Extracted data:
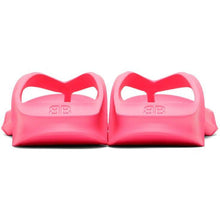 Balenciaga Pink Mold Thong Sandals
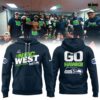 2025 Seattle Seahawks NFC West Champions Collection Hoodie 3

...

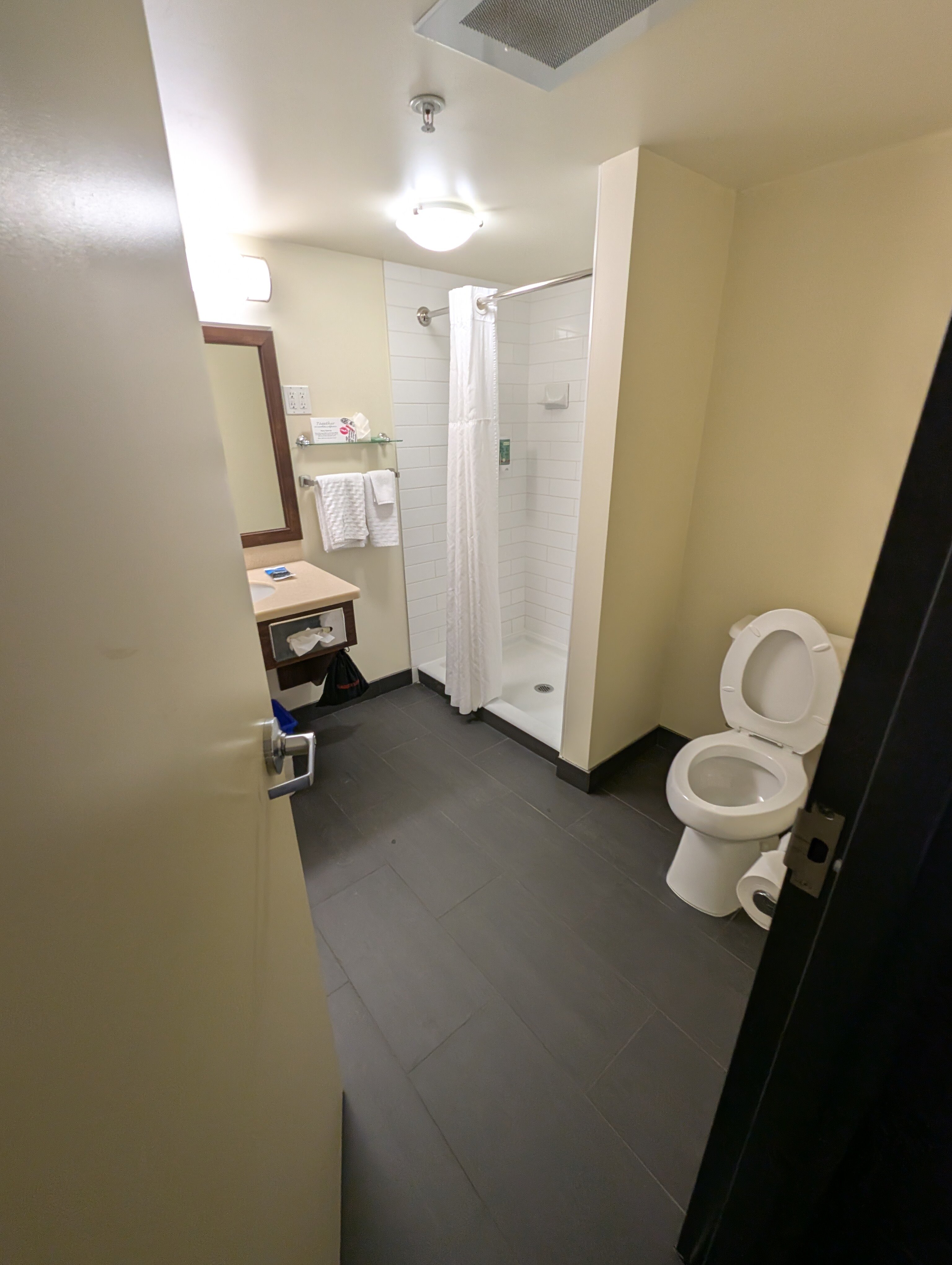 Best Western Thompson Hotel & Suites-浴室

What you should do:
Print the part of the listing above that opens with the line containing "Balenciaga Pink Mold Thong Sandals" and closes with the line containing "2025 Seattle Seahawks". Copy it exactly, both ends included, and omit the pictures.

Exercise response:
 Balenciaga Pink Mold Thong Sandals
 2025 Seattle Seahawks NFC West Champions Collection Hoodie 3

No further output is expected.